I love that you understand the power of words like “please” and “thank you” and “I am sorry.” I love that you are forgiving and empathetic, that you are the type of girl who would give someone the shirt off of your own proverbial back, and that you worry about the well-being of complete strangers when you hear them yelling or crying. You ask me “what’s wrong” and “why are they sad” and then suggest they may just need a hug. Maybe you can give them a hug.


I love that you are energetic and enthusiastic — that you can be crafting one minute and running the next — and I love that thoughts and ideas flow through your brain quicker than you can articulate. You are so excited, you cannot always find the right words.

I love that you stop to appreciate the little things, like leaves on the ground, ants in the dirt, and the clouds in the sky. (How you love the clouds in the sky.)

I love that you — quite literally — take time to stop and smell the flowers.


And I love that you are loving because when you love, you do so without judgment or discrimination. Without preference or bias, and instead, you love with your entire heart. You offer every bit of yourself and your being and freely give of your mind, body, and soul.

And while I am proud to have a daughter who is “just like me,” I am also terrified because I know some of the hurts you may face, the obstacles you may have to overcome, and the struggles you will have to endure, and that both saddens and worries me.


In fact, I worry your willpower will drive people away.
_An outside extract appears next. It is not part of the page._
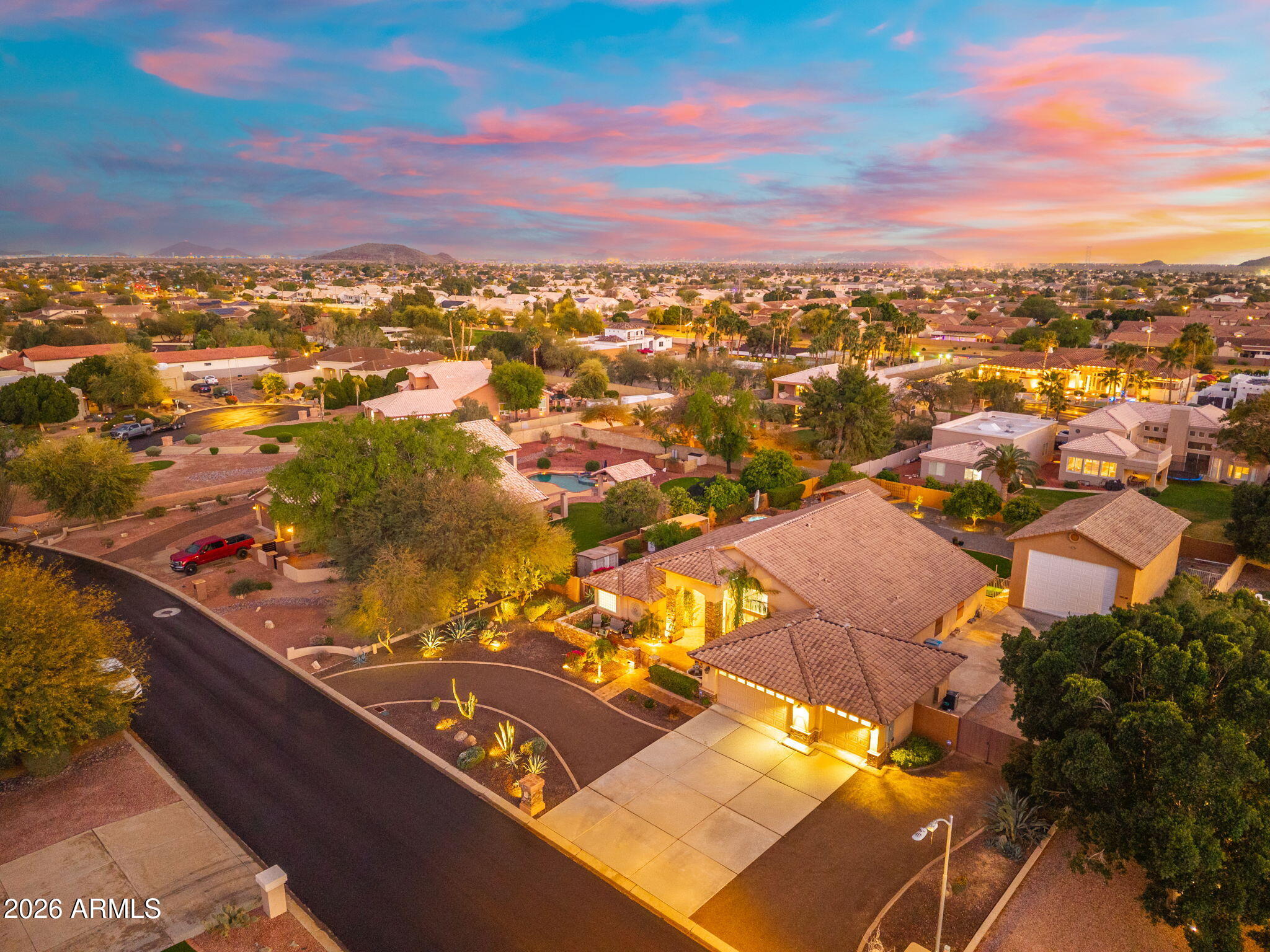 4613 W DESERT HOLLOW Drive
I worry you will isolate yourself with your independence, and I worry that your perfectionist nature will eventually harm you. I worry you will become your own worst enemy and critic.

I worry others will fail to appreciate your kind heart and empathy. I worry wearing your heart on your sleeve will cause it to break, and I worry your blind faith, openness, and generosity will be your Achilles heel. It will allow others to hurt you and take advantage of you, causing you unnecessary anguish and heartache.

And I worry that all of this will eventually cause you to give up and pull back. I worry you’ll become cold and callous and your heart will harden. You will build up walls to hide and “protect” yourself.

Unfortunately, I do not know how to help you. I do not know if I can protect you, and I do not have any answers. Nothing I say will keep you shielded and your character safe, and I know that. All I do have is hope. Hope in you. Hope in your heart. And hope in your future.

So stay strong, my sweet one. Stay fearless, and keep humanity at the heart of who you are. Keep laughing and loving and saying “I’m sorry,” even when it hurts. Even when it is hard. Because no matter what the world throws your way, I will be there to hold you. To listen to you. To carry you, and to support you no matter what you do. No matter where life takes you.